3という数字

斎藤孝『原稿用紙10枚を書く力』大和書房
文章を書くための方法についての本を、また買ってしまった。どうしたら良い文章が書けるのか、その方法を知りたいというのもあるのだけど、ほかに他の人がどんな方法で文章や論文を書いているのかということがすごく気になるのだ。特に、売れっ子の作家や評論家が文章を書くために、日々どんなことをしているのかがとても気になって仕方がない。そして、影響を受けやすい私は、すぐにその方法を取り入れたりしてしまうのだけど…。
斎藤孝といえば、音読ともうひとつは3色ボールペンだ。この本も、これらのテクニックを使った文章法を説明している。とりわけ、3という数字は、長い文章を書くときの土台となるものである。
長い文章を書くとき、やみくもに書き始めても途中で必ず挫折してしまう。

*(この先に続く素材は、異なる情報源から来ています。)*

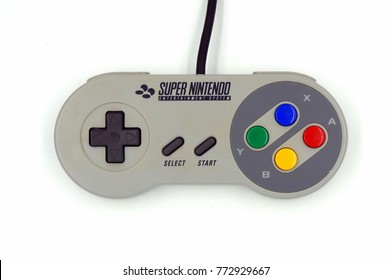 Super Nintendo Controle Logo Vector (.CDR) Free Download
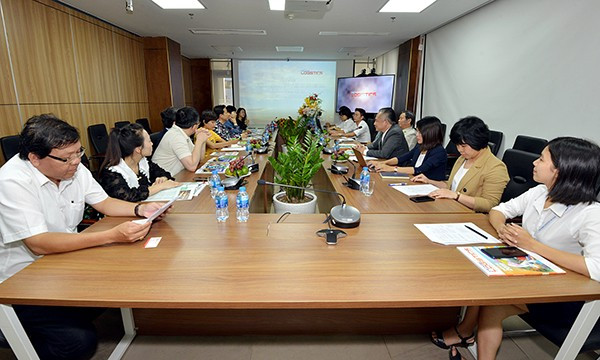 Đoàn đại biểu Hội Nhà báo Hàn Quốc thăm và làm việc tại Tạp chí Vietnam Logistics Review chiều ngày 12/4 (Ảnh: Phó Bá Cường)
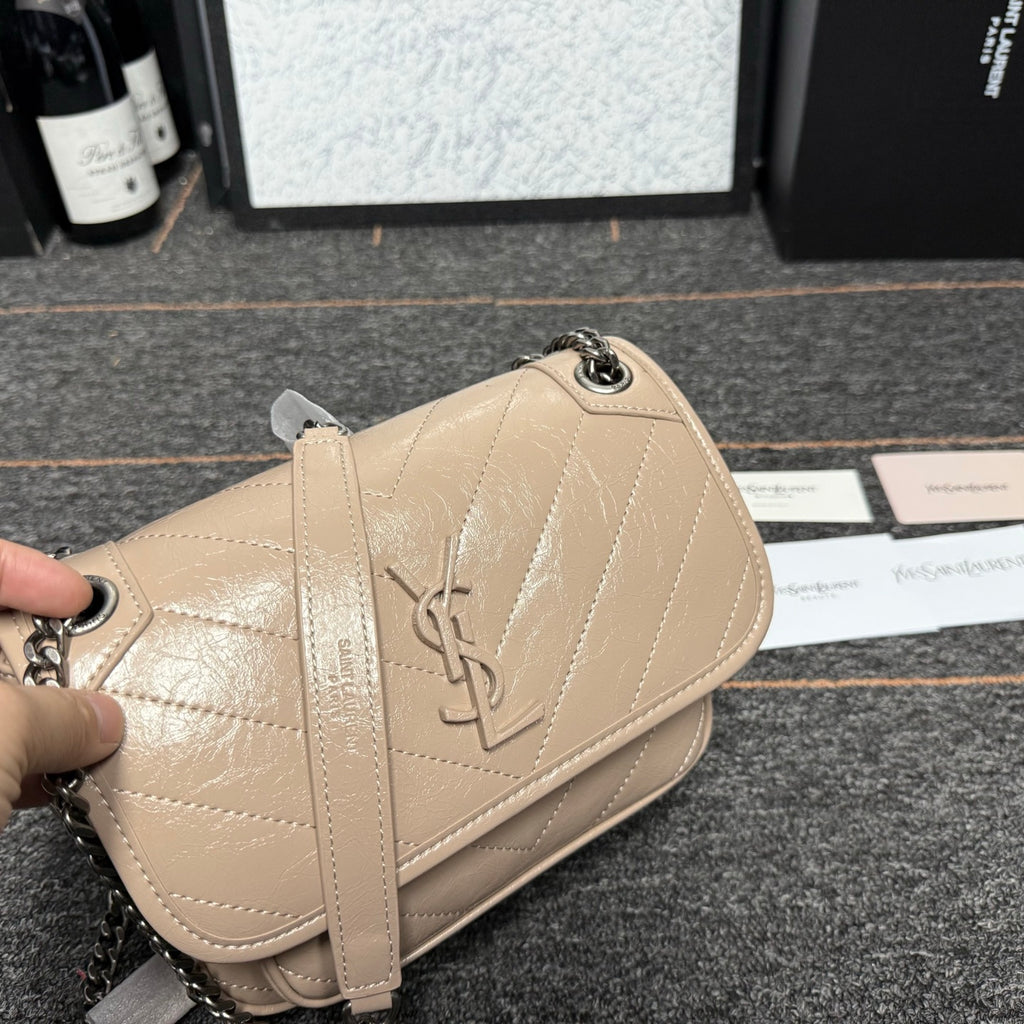B1R76SL17 Popular leather bag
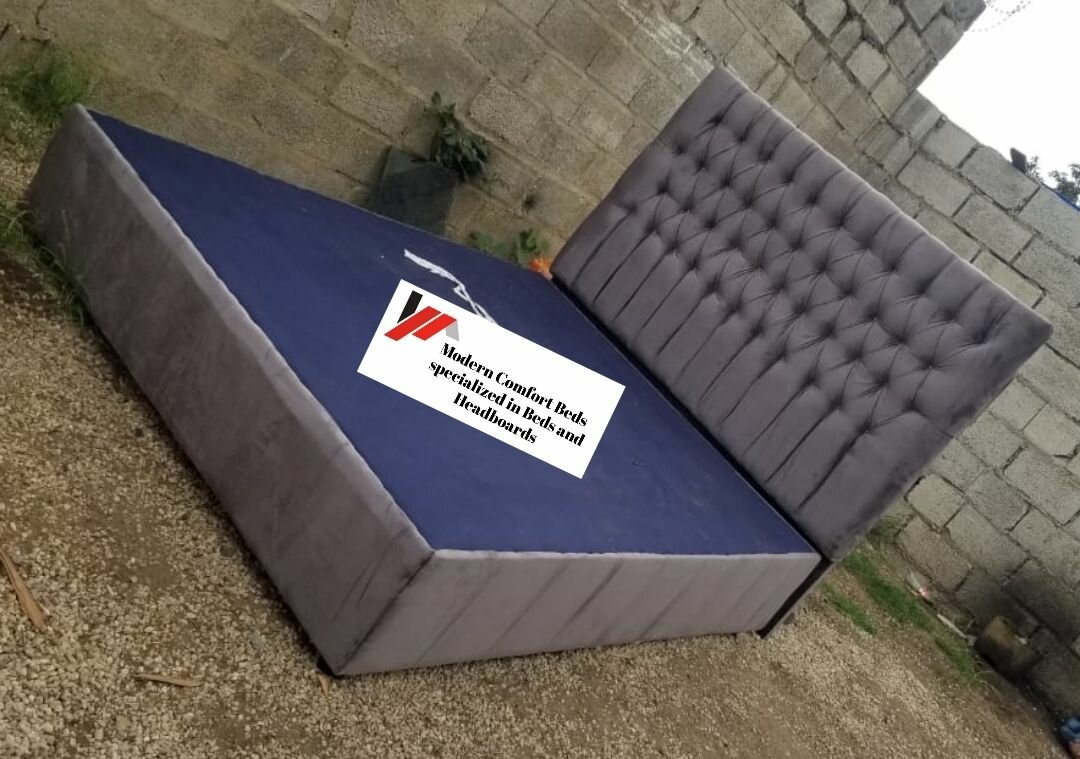 Wing tufted queen size bedset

書く前に準備が必要となるわけだが、ここでは3つのキーコンセプトを用意するとよいらしい。なぜ3つなのか。
二つだと、なかなかオリジナリティを出すのはむずかしい。しかし、3つのキーを組み合わせて、そこから何か共通したコンセプトが引き出せるとおもしろいものが出て来るという。この時、類似した内容を3つ組み合わせるよりも、できるだけそれぞれに距離があるものを組み合わせ他方がよい。一見、共通性のないものに、繋がりを見出す。ここに書き手独自の視線が生れるからだ。
このアイデアは、たしかに使える。自分のことを省みると、論文を書くとき、つい同じ内容の材料を組み合わせて使うことが多い。どうりで、単純で底の浅い考えしか出てこなかったはずだ。簡単に繋がるものを組み合わせてみても提示しても、読者にインパクトを与えるのは難しい。
これはいろいろな場面で使えるという。たとえば、書評を書くときにも、自分が読んだ本で気になった箇所を3つ取りだして、それぞれに自分の考えを書き、その3つをいかにしたら繋げられるかを考えるだけでも、長い文章が書けると述べている。なるほど!
それからこの原稿用紙10枚を書く力という点にちょっと引かれた。大学に入った頃、10枚のレポートを書くのにどれほど苦労したことか。そんなに長い文章をどうやって書いたらいいのか分からず、やみくもに原稿用紙に字を埋めていったことを思い出した。たしかに10枚は大きな壁だ。実は、今でも壁だ。しかし、目下のところ私の本当の壁は、原稿用紙50枚だったりする。
斎藤孝は、たくさん論文を書くことで、10枚の壁を越え、文章法も体得していったようだ。やっぱり、研究者はたくさん論文を書かないとダメですな。